Modern large language models rely on Rotary Positional Embeddings (RoPE) to focus on relative distances between tokens. However, in practice, they still lapse into a dependency on absolute coordinates. Researchers from Sapienza University of Rome and Intuition Machines have discovered that despite RoPE's mathematical elegance, positional information "leaks" into the model through two specific architectural holes. This explains the paradox of why a model trained on relative offsets can easily distinguish a token at position 50 from an identical one at position 100, even though it theoretically should only perceive their mutual placement.
Mechanisms of positional data leakage
The first leakage point is the causal mask mechanism. The Softmax denominator for each query is calculated based on all preceding tokens, meaning it is inherently tied to the query's absolute position. The second issue lies within the residual streams, where the very first token of a sequence serves as an anchor.
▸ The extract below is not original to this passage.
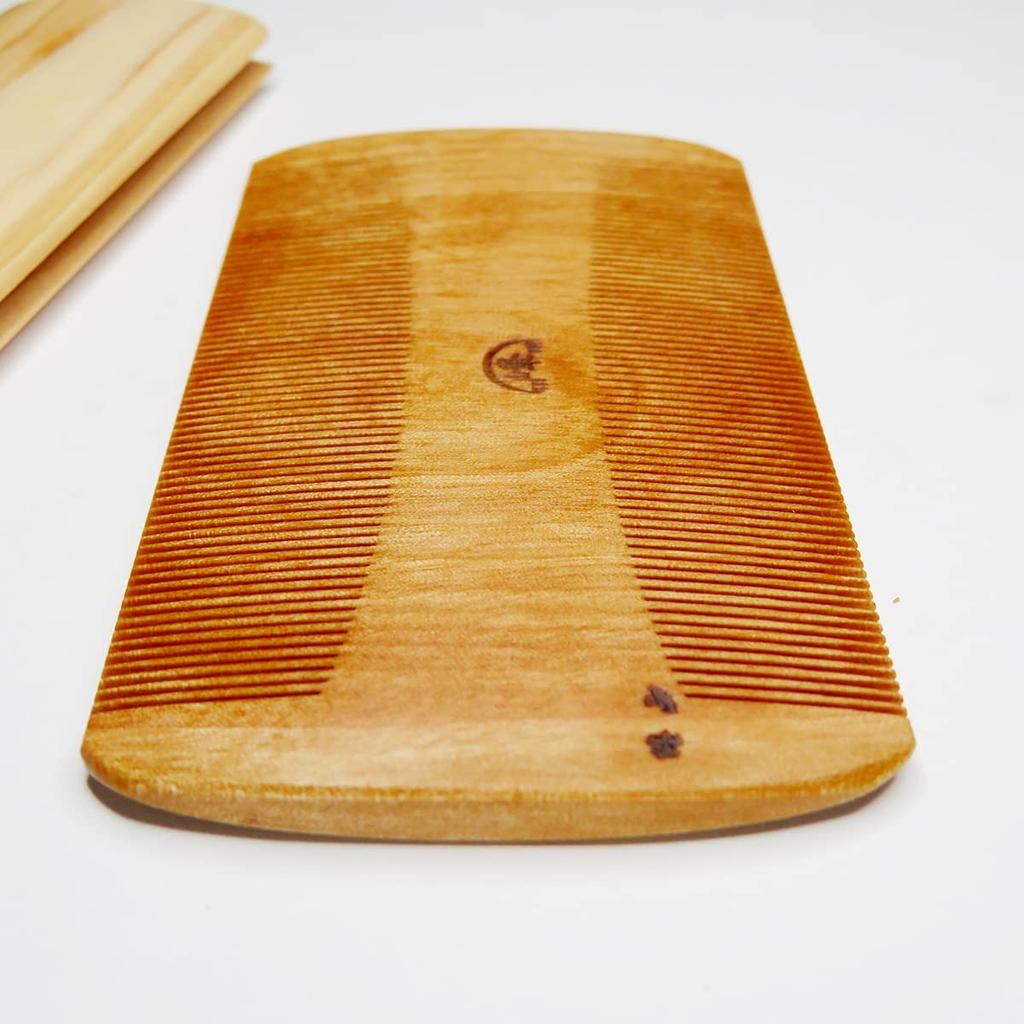 Minebari Comb Made by a Boxwood Comb Craftsman This comb is specialized for removing dust from Also suitable for lice removal fine teeth on both - -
In causal attention mode, the zero token sees only itself, creating a deterministic activation trajectory that subsequent attention heads read as a systemic landmark.
If the Beginning of Sequence (BOS) token is removed or replaced, this signal fades. This confirms that the model uses the start of the text as a fixed coordinate system rather than relying on pure relativity.
Implications for AI architects
For those designing model architectures, this is a wake-up call: true invariance to context length remains an elusive dream.
Residual stream leakage can be partially suppressed via NTK-scaling. Errors tend to accumulate within sliding window attention mechanisms. Reliability when processing long-form text becomes something of a lottery.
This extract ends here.